On October 1, 2007, what might have been any normal Monday in Oxfordshire, Jonny Greenwood casually took to the band blog Dead Air Space to announce that Radiohead had recorded a new album called In Rainbows, which would be available for download ten days later for a price to be named by the customer. It was a move that surprised everyone, but in truth, it was a long time coming. Many bands had already independently acquiesced to the idea of the Internet as an ally and not an enemy. Some had even begun intentionally leaking their albums to create buzz in advance of sales. But major record labels, willfully dubious to the obvious sea change, could only wring their hands in despair as sales plummeted and their system failed around them. It was only fitting that one of the most respected and best-selling bands in the world began the funeral dirge in HTML.

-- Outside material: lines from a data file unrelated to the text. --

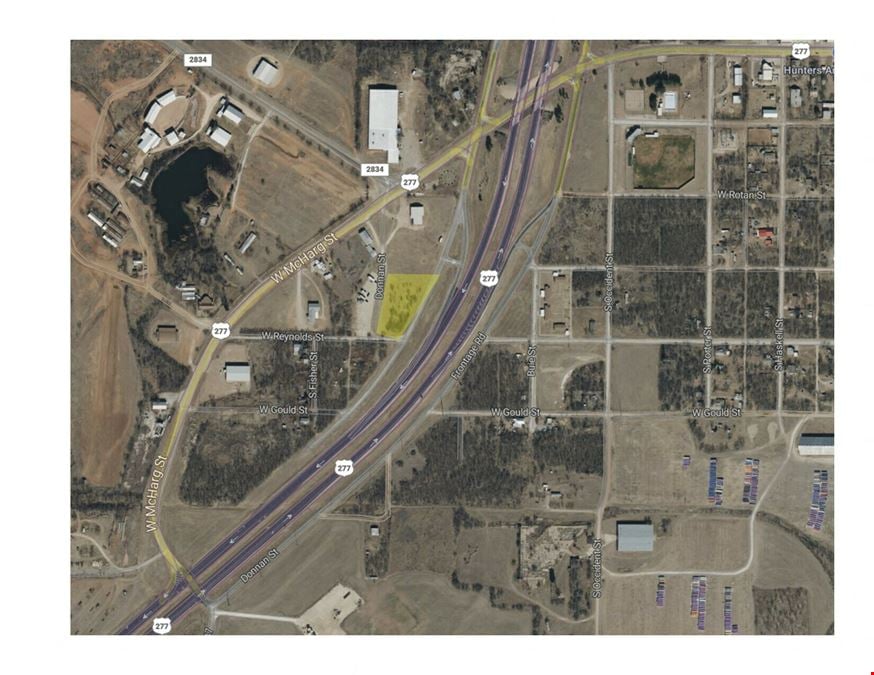 W Reynolds & Highway 277 Stamford - 1.966 ACRES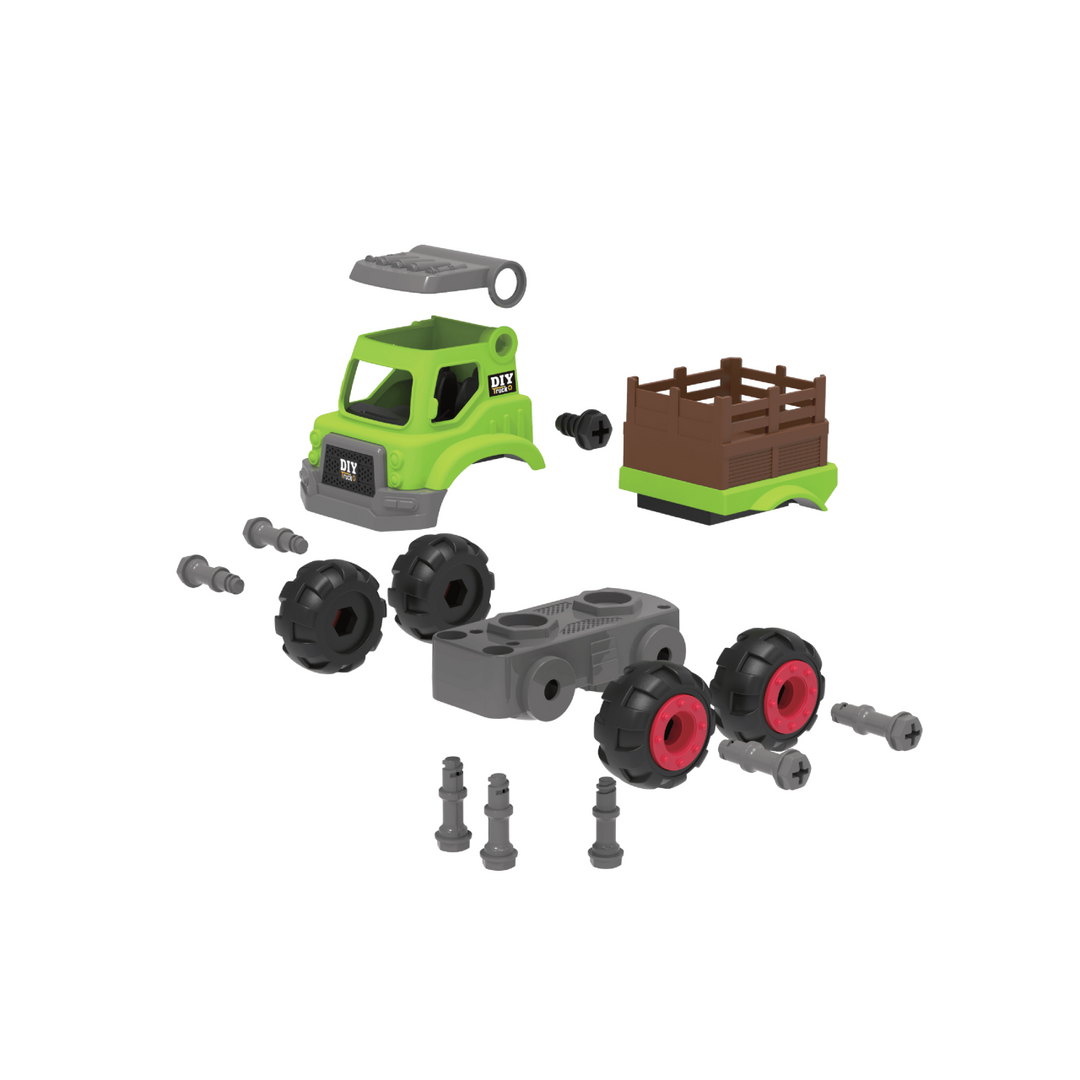 Builderz Dumper Farm Tipper Truck and Tractor 2-in-1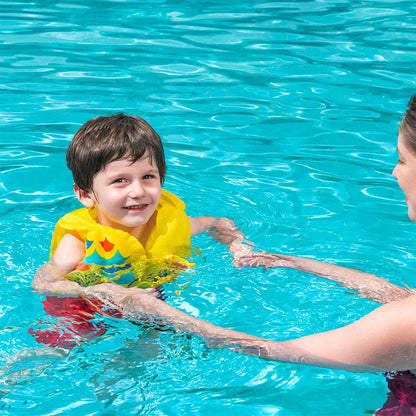 Vestă Gonflabil pentru Piscină Bestway Galben Crab 41 x 30 cm 3-6 ani (1 Unități) - Jucarii si jocuri, În aer liber și sport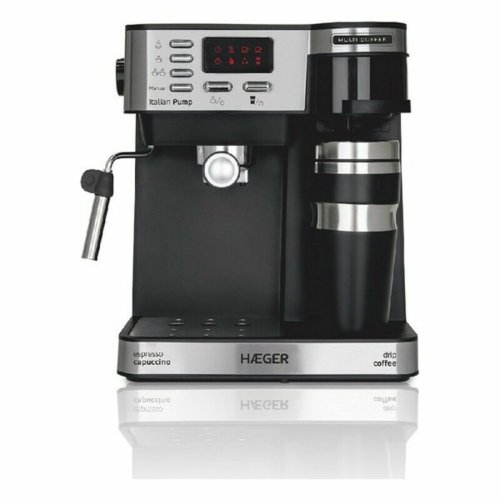 Manuell Espressobryggare Haeger Multicolour 1,2 L (Renoverade D)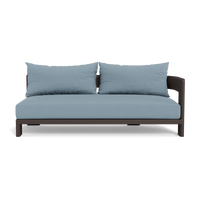 Victoria Aluminum 2 Seat 1 Arm Right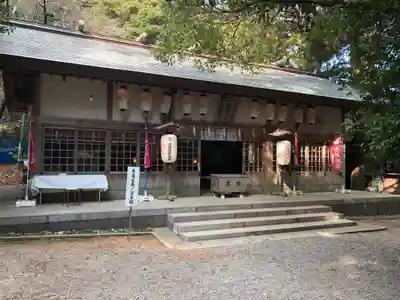 本居宣長ノ宮の本殿・本堂
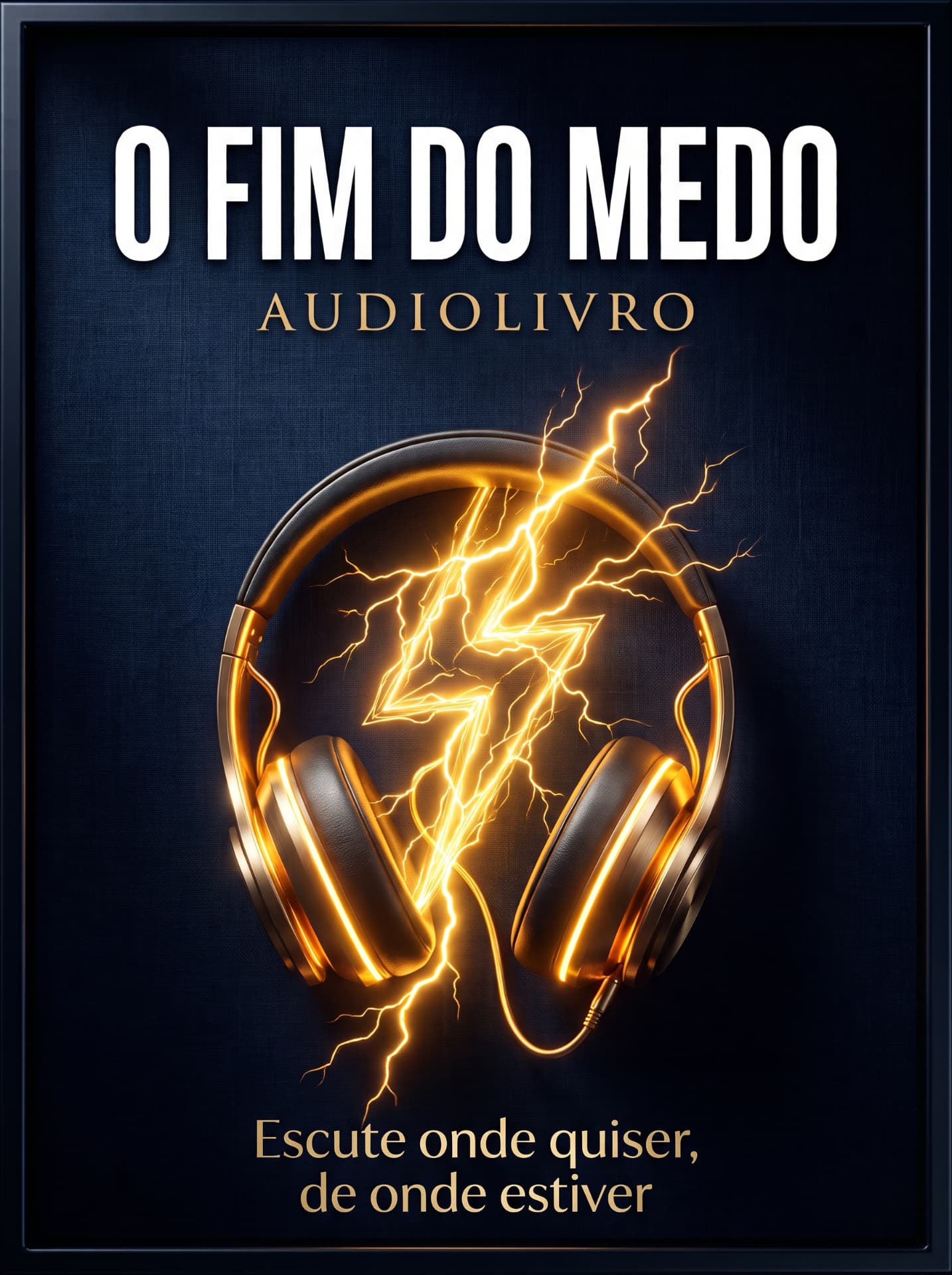 Acervo O Fim do Medo (Audiobook + Videobook)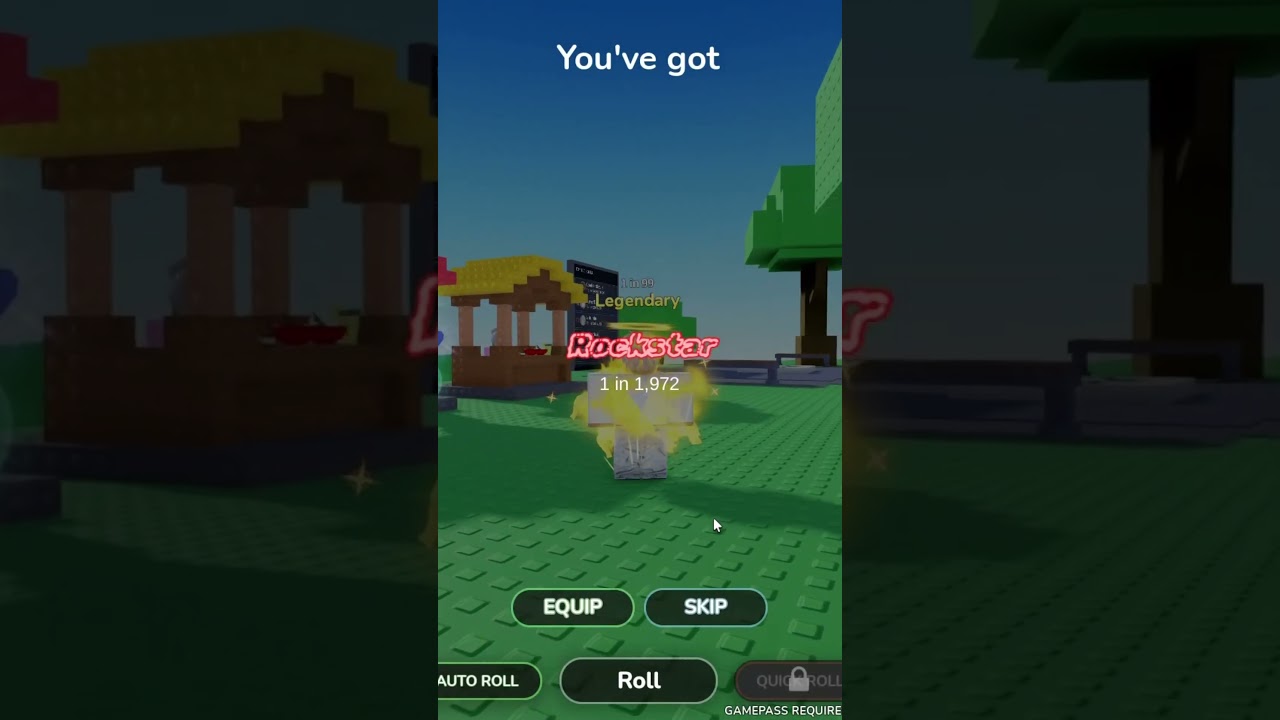 Got this while playing a rng game 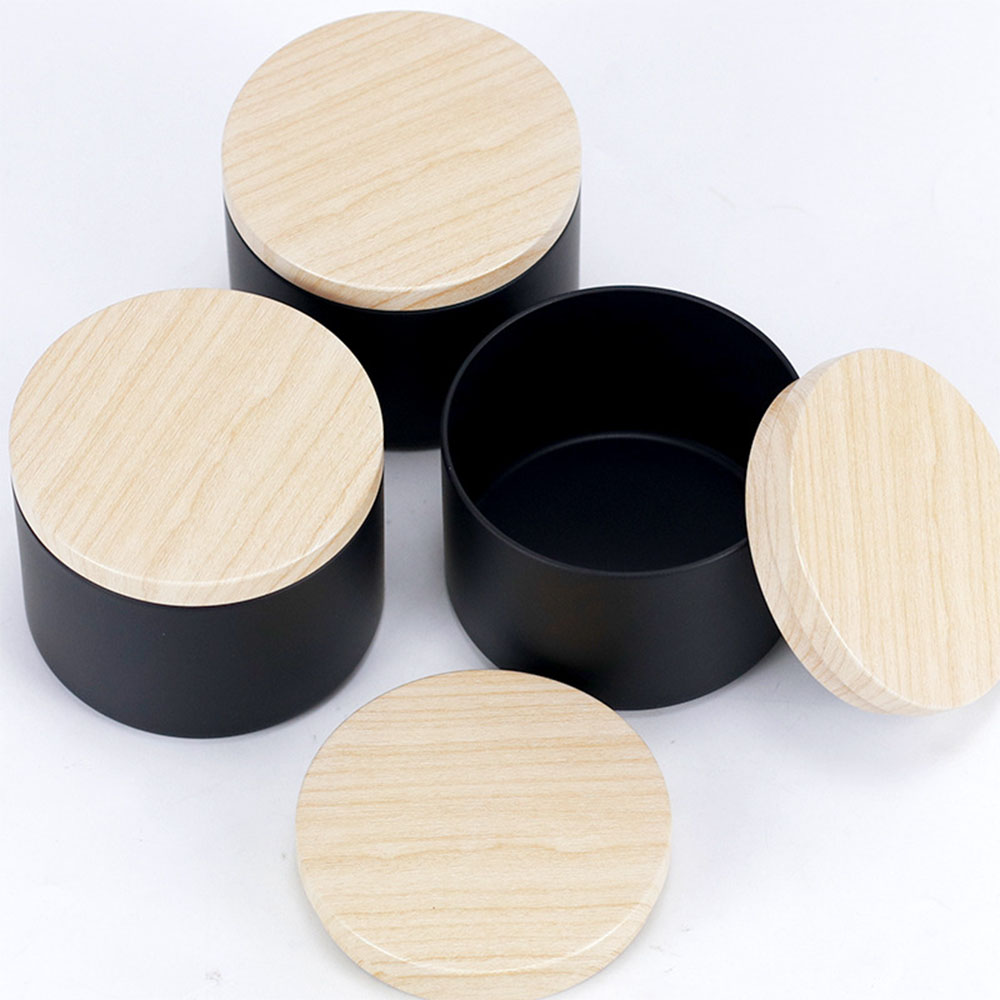 24pcs 4oz Black Candle Jars ,R - огляд і ціна Candle Making Jars With Lids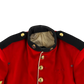 British Army Red Tunic Jacket - Queen's Division Minden Band - Medium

But Radiohead had almost played their own eulogy in Hail to the Thief, their last contracted LP with EMI. After touring completed for that album, the band entered its longest dormant period since the lead-up to Kid A. Suddenly the most sought-after free agent in the music business, the band seemed more content to settle into their family lives, making occasional independent appearances here and there. Jonny Greenwood took up residency with the BBC Concert Orchestra and dabbled in classical and film composition. Thom Yorke released his first not-solo record, The Eraser, in 2006, continuing his penchant for stripped-down, laptop-based electronic music. The album received acclaim, but Yorke didn’t tour, and many wondered the same question: where was the band?

In truth, Radiohead had never really stopped working on songs as Radiohead. They just couldn’t bring themselves to master and release any of them. They were in limbo, without obligation or time frame. Attaining a level of self-determination that many might covet, the band languished. In 2006, after initial recording sessions with another producer failed, the band scrapped production and took their new songs to the road. Radiohead had always been acutely aware of their cult fanbase, and road-testing new music seemed a logical way forward.

After touring, the band returned to the studio with Nigel Godrich, whose guiding hand had been sorely missed. It was Nigel who gave the band the structure, focus, and renewed vigor they needed to begin the rehearsing and recording process for In Rainbows. But with strict parameters came a loosening and a long lost freedom. The band recorded live takes in crumbling old mansions again, but there was less stress this time. Despite their immediate beauty, the songs of In Rainbows betray more than anything the sense of a band playing freely for the first time in years. Listening to “Bodysnatchers,” a live take, the raucous joy in the singing and playing is palpable. Yorke’s help of “hey” as a kick-in to the bridge is a clear sign of a band playing loudly in a room. “We felt like we were 16 again,” Yorke said of the sessions.

Over the course of a year, the band recorded new material. There would still be the problem, however, of releasing it. It was clear by body language that Radiohead wanted nothing to do with the conglomerate dinosaurs, and the band continually resisted renewal offers from EMI, instead reviewing independent labels. During their 2006 tour, in an interview on Chicago Public Radio’s Sound Opinions, Jim DeRagotis and Greg Kot seemed to plead with the band to be the first to buck the establishment and just release new material themselves. It was nice, hypothetical conversation, but at some point in the latter half of 2007, brainstorming commenced, meetings were taken, and the decision was handed down through the band’s tight-knit managerial machine: self-release, give the fans what they want for however much they think it’s worth, and find physical distribution later. Play the Internet at its own game.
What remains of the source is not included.